Configuration priority:
.Here is an example of vaitrace configuration file.
"trace": {
"enable_trace_list": ["vitis-ai-library", "vart", "custom"],
"trace_custom": []
}
}
Key Name | Value Type | Description | |
---|---|---|---|
options | object | Vaitrace options | |
trace | object | ||
enable_trace_list | list | Built-in trace function list to be enabled, available value "vitis-ai-library", "vart", “opencv”, "custom", custom for function in trace_custom list | |
trace_custom | list | The list of functions to be traced that are implemented by user. For the name of function, naming space are supported.

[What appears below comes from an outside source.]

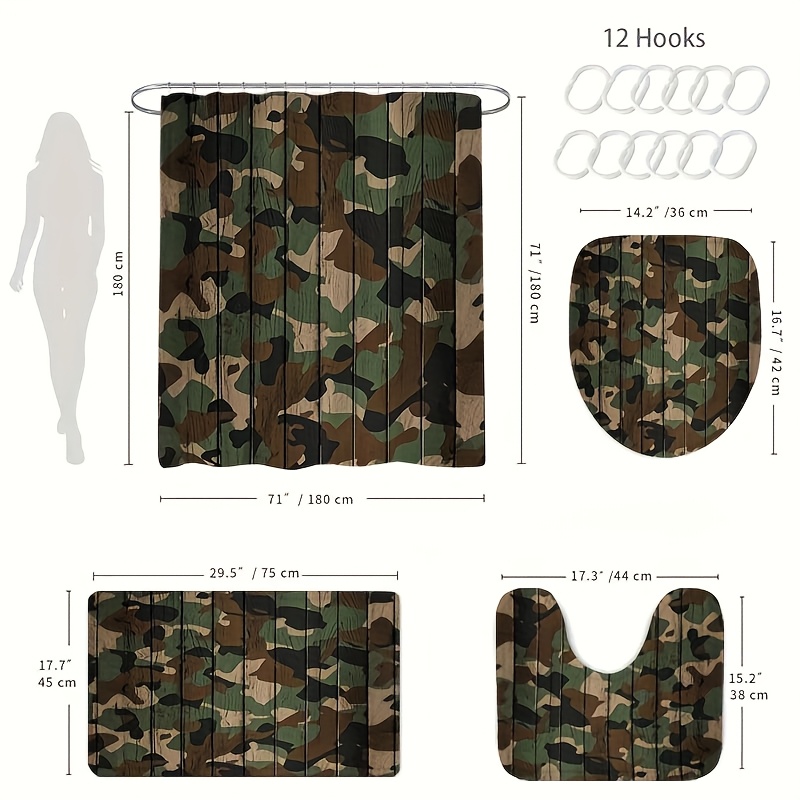 4pcs Set Tirai Kamar Mandi Mot - Camo Pattern Set ulasan dan harga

You can see an example of using custom trace function later in this document |
Text Summary
When the –txt
option is used, vaitrace prints an ASCII table as
shown in the following figure:
The fields are defined in the following list:
- DPU
- Name of the DPU.
- Batch
- Batch size of the DPU.
- SubGraph
- Name of subgraph in the xmodel.
- Workload
- Computation workload (MAC indicates two operations, only available for conv subgraphs now).
- Run Time (ms)
- The execution time in milliseconds.
- Perf(GOP/s)
- The DPU performance in unit of GOP per second.
- Mem (MB)
- Total load/store size of this subgraph.
- MB/s
- Average DDR memory access bandwidth.
MB/s = (total load size of the subgraph (including feature map and weight/bias, from DDR/HBM to DPU bank mem) + total store size of the subgraph (from DPU bank mem to DDR/HBM)) / subgraph runtime
DPU Profiling Examples
You can find advanced DPU profiling examples with the Vitis AI Profiler on the Vitis AI Profiler GitHub page.